Friday, April 29, 2011

Resolve...........

It's time to let go of a dear dear friend.............



Designed and built by a dear dear friend......







I am filled with melancholy to let her go.........



In hopes someone will adopt her............

Sunday, April 24, 2011

Happy Easter!

Since I'm not dying eggs..........














with the 'bad girls'





I'm doing this.............







Sweet Jesus........















 and from this.........
























comes........













this..............



It's all worth the effort...........

Happy Easter.......

Be the Love You Are...........

ox

Thursday, April 21, 2011

More on Happiness.........

























The work of Alex Koplin found here................

I stumbled on this lovely diagram (rendered in my favorite colour) while surfing for decluttering tips and 'mantras' and found some here.........and make sure to scroll down and watch and listen to Steve Job's Stanford Commencement Speech........I almost posted it several weeks ago.......so worth the time to listen.......or just make it easy and go here .....really if you have not heard it.........please do

Sunday, April 17, 2011

No more apologies............

I attended an art opening last night and met the husband of a friend there.............he asked what I did, knowing I was an artist...... and I looked at my friend for relief, who knows how I struggle with that question.......I usually look like a 'deer in headlights' when asked that......

I said that was 'difficult to answer' because I 'do' so many different things........and started to list them......and he said "That's GREAT!.......I love to see how artist's work in different mediums........"  and then he went off on a tangent describing how boring the 'art fairs' are with each artist having a booth full of the same thing with slight variations on the theme.......He said, for him, they were so easy to pass by..........He said he would glance in and think "nope" don't like that........"nope" don't like that.....

His wife (also an artist) and I proceeded to explain how galleries and art fairs "like" and have set things up that way.  "They need the 'box' to put the artist in to 'sell' things", we explained......."it makes it neat and tidy for all.   Printmaking, Painting, Mixed Media, Fiber, 3D.....(and even subcategories of those!)........makes it easier for the 'general' public to understand."

Then the 'guy'.........all revved up now.....began to talk about all the Masters and how they worked in different media..........and my friend explained, that 'yes'......perhaps the jurors now were 'old school' and he said "NO" the "Masters" were "Old School" and we needed to get back to THAT.

Then I told the story of how I once was low on 'cohesive work' (having recently become excited about a new printmaking technique) for a prestigious art fair in Colorado and when a juror came into my booth........she put her nose in the air and declared that she did not know what I was 'doing' and that my work was "all over the place"..........In truth it 'was'......(and was not the first time someone did not understand my expression).......however it did not diminish the interest in it......nor the fact that it was really nice..........and all of it well received........but in the end, her comment haunted me......as those kinds of judgements DO........we tend to forget all the good remarks and focus the on the few negative utterances....

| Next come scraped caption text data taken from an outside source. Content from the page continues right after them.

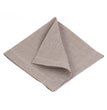 Tischdecke Cavaillon, Natur, 100% Leinen | Hochwertige Wohnaccessoires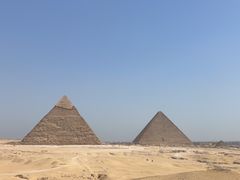 -吉萨金字塔群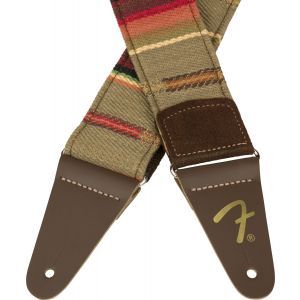 Fender 2 Sonoran-Strap Saguaro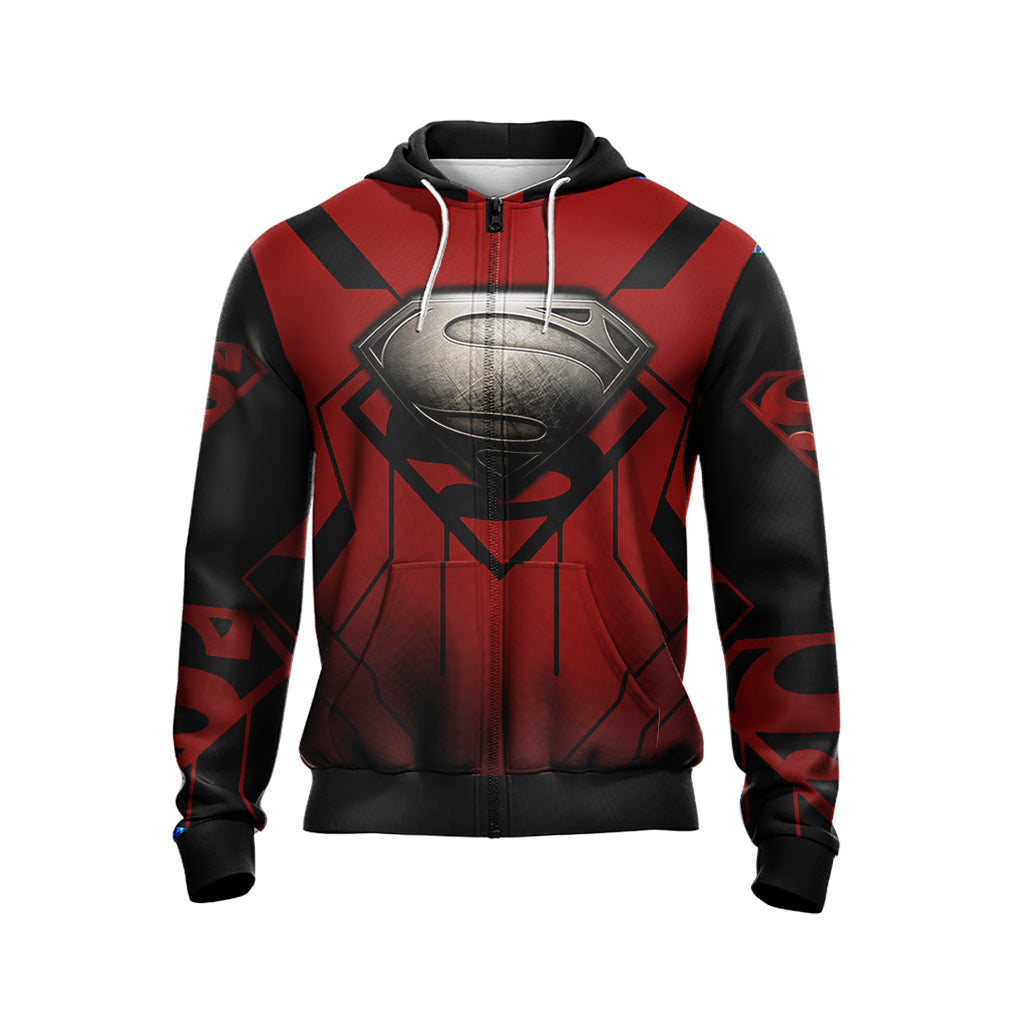 Man of Steel New Unisex 3D T-shirt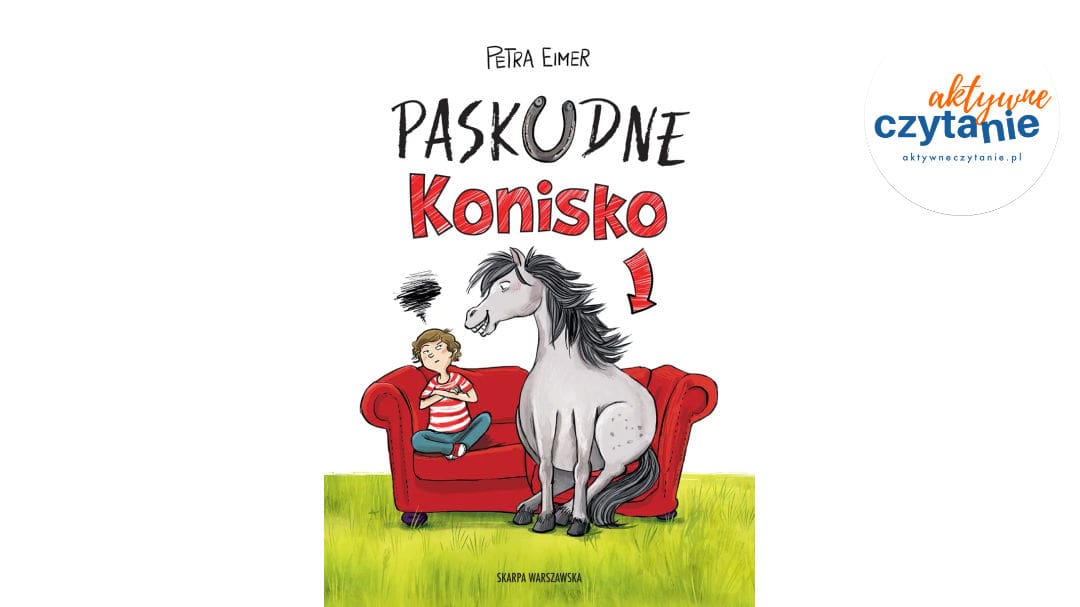 Paskudne Konisko. Tom 1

And along this vein..........I was recently talking to a friend who lives in a tiny town in New Mexico and I was lamenting that I am "all over the place" (as it had become my 'by' line) in my artistic endeavors.......and she said "GOOD, that will serve you well out here!"

So, as I ponder my purge...........I am valuing my path as an artist.........I have worked through many stages with passion........I do not dabble...........and I move quickly........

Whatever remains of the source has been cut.